**RECORDS TO USE**:
*** Begin section ***
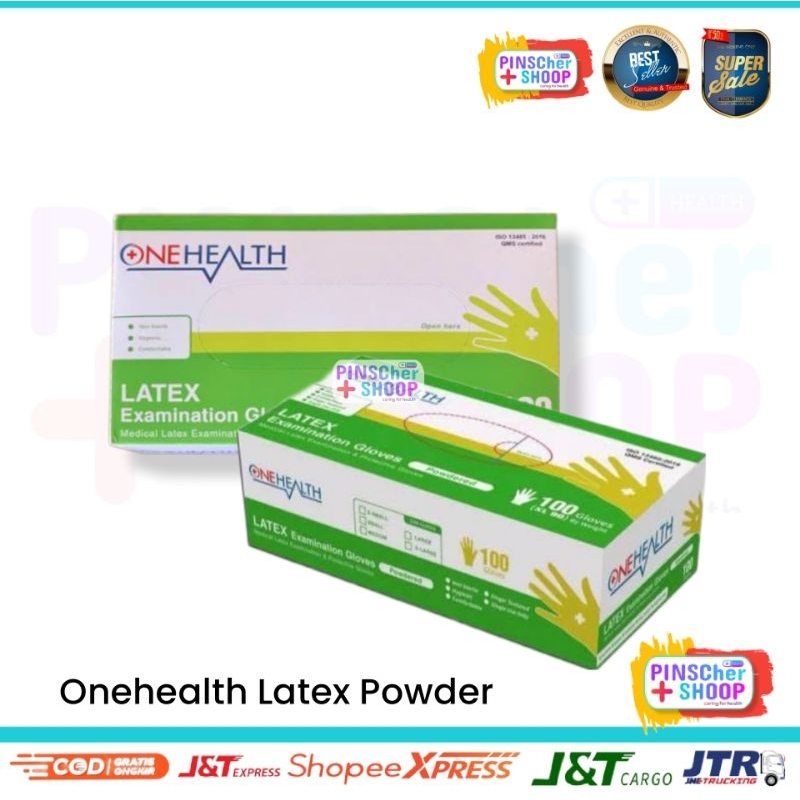 SARUNG TANGAN LATEX MEDIS ONEHEALTH HANDSCOON GLOVE KARET POWDER ISI 100 PCS / BOX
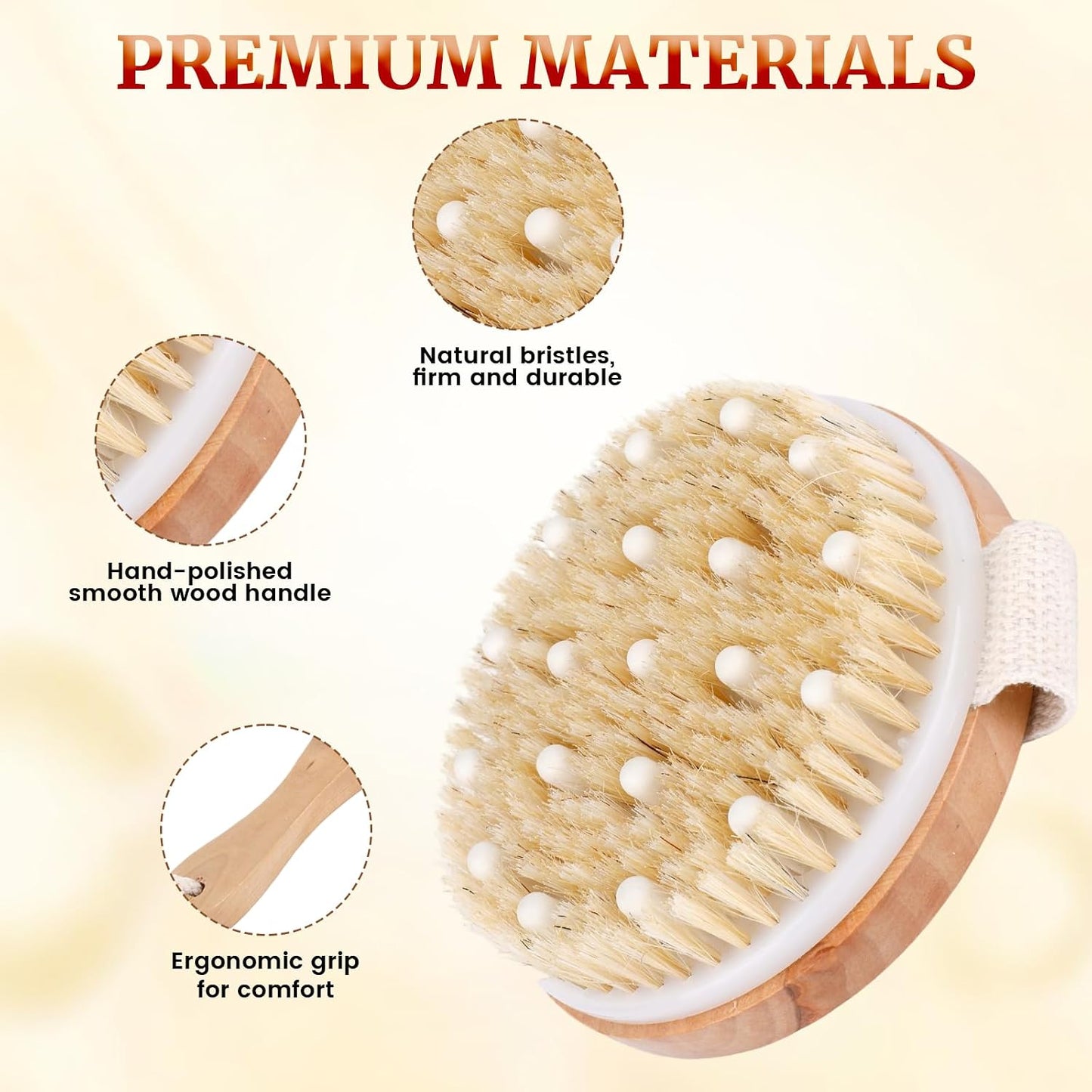 Dry Brush Set-4 Packs Natural Boar Bristle Dry Brushing Body Brush Exfoliating, Face, Foot, Bath Brush for Face and Body for Cellulite Lymphatic Drainage(Set A)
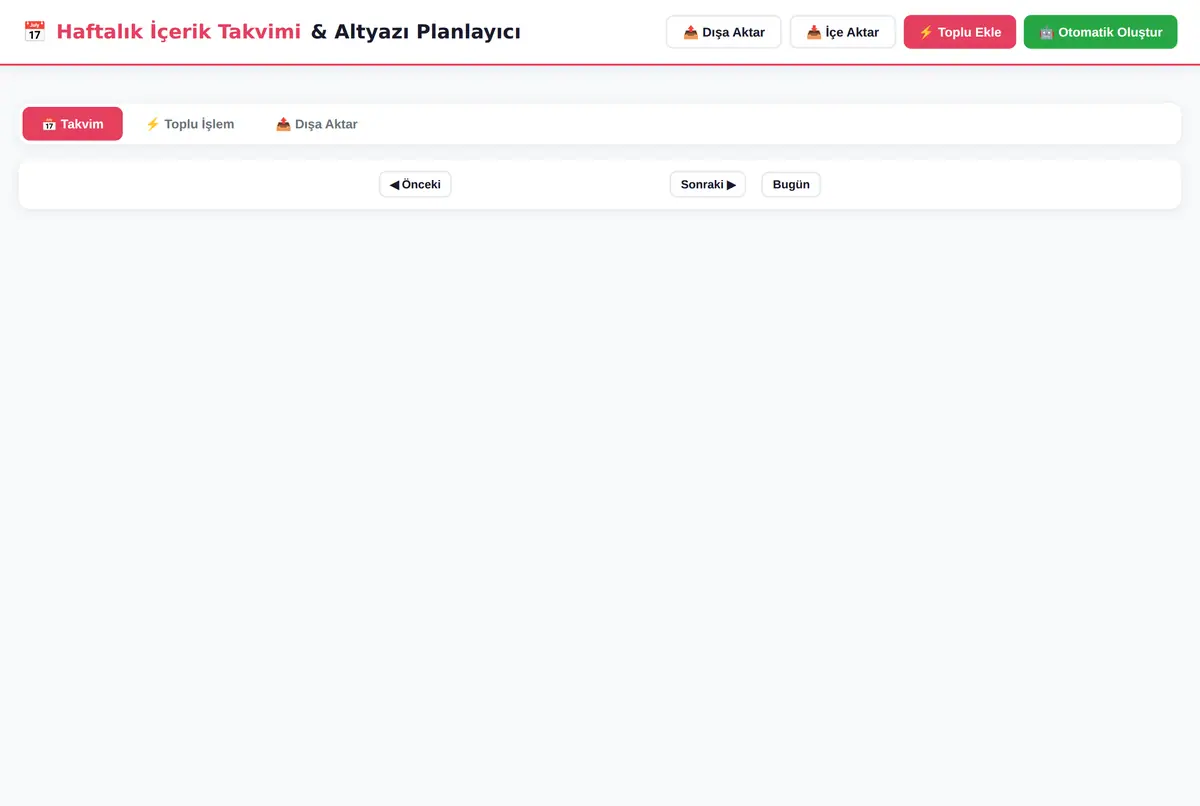 Haftalık İçerik Takvimi & Altyazı Planlayıcı ekran görüntüsü 2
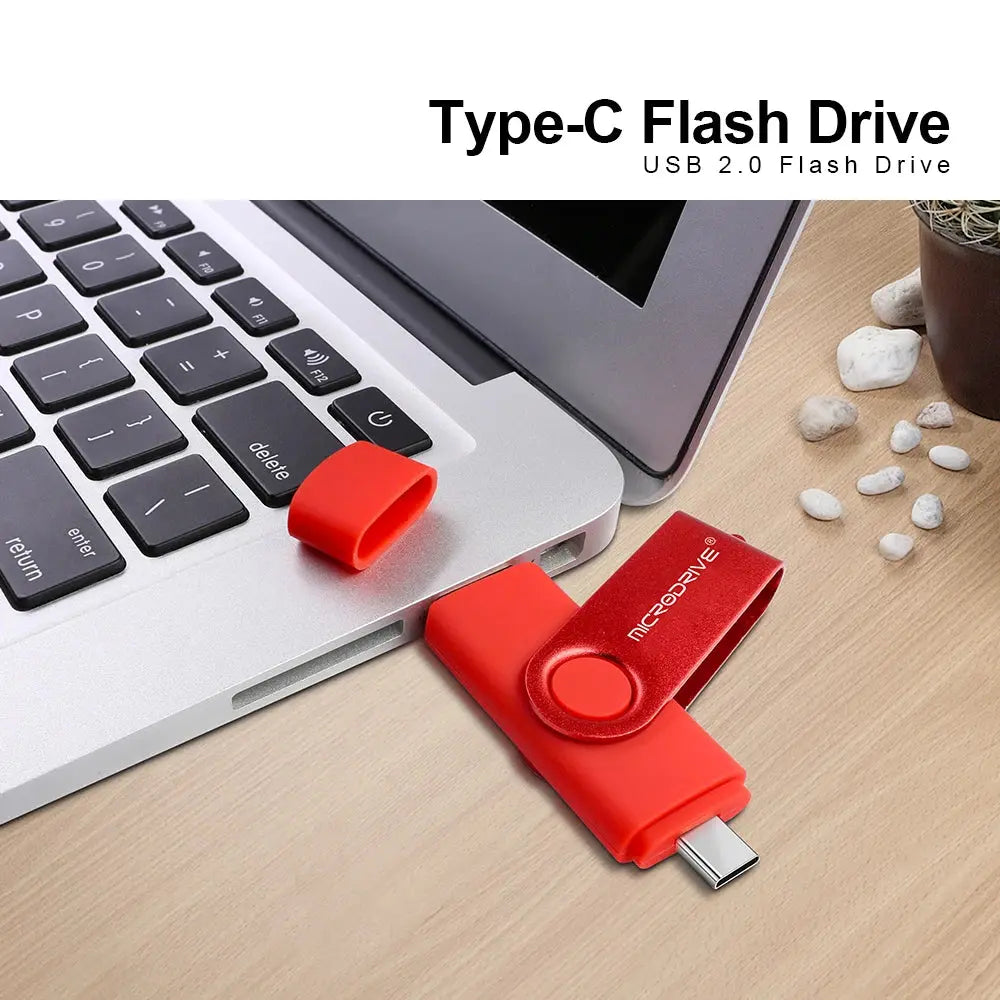Metal USB Flash Drive 128GB 64GB 32GB High Speed 16GB 8GB Pen Drive Smart Phone  OTG  2 IN 1 Memoria Usb Stick Type C Usb 2.0 - ALPENZO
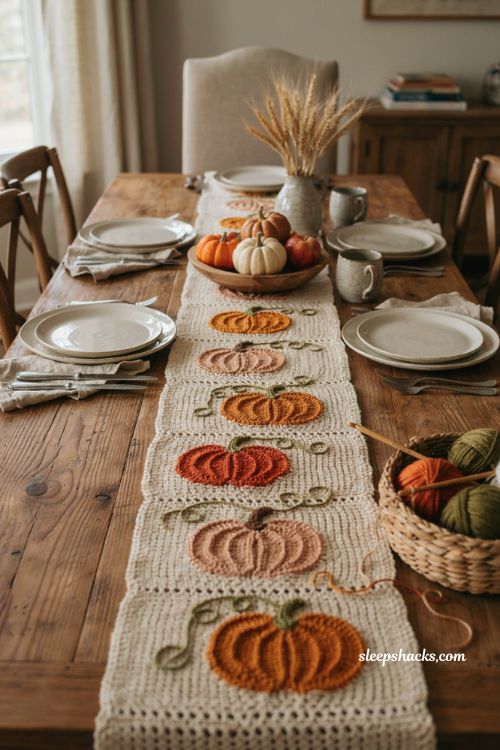 Pumpkin patch crochet table runner with cream background orange pumpkin motifs green vines cozy farmhouse fall dining table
*** End section ***
**WHAT THE TASK REQUIRES**: What is needed is an exact copy of every line from the one with "Metal USB Flash" to the end of the listing above, with the pictures left out.

**OUTPUT OF THE TASK**:
Metal USB Flash Drive 128GB 64GB 32GB High Speed 16GB 8GB Pen Drive Smart Phone  OTG  2 IN 1 Memoria Usb Stick Type C Usb 2.0 - ALPENZO
 Pumpkin patch crochet table runner with cream background orange pumpkin motifs green vines cozy farmhouse fall dining table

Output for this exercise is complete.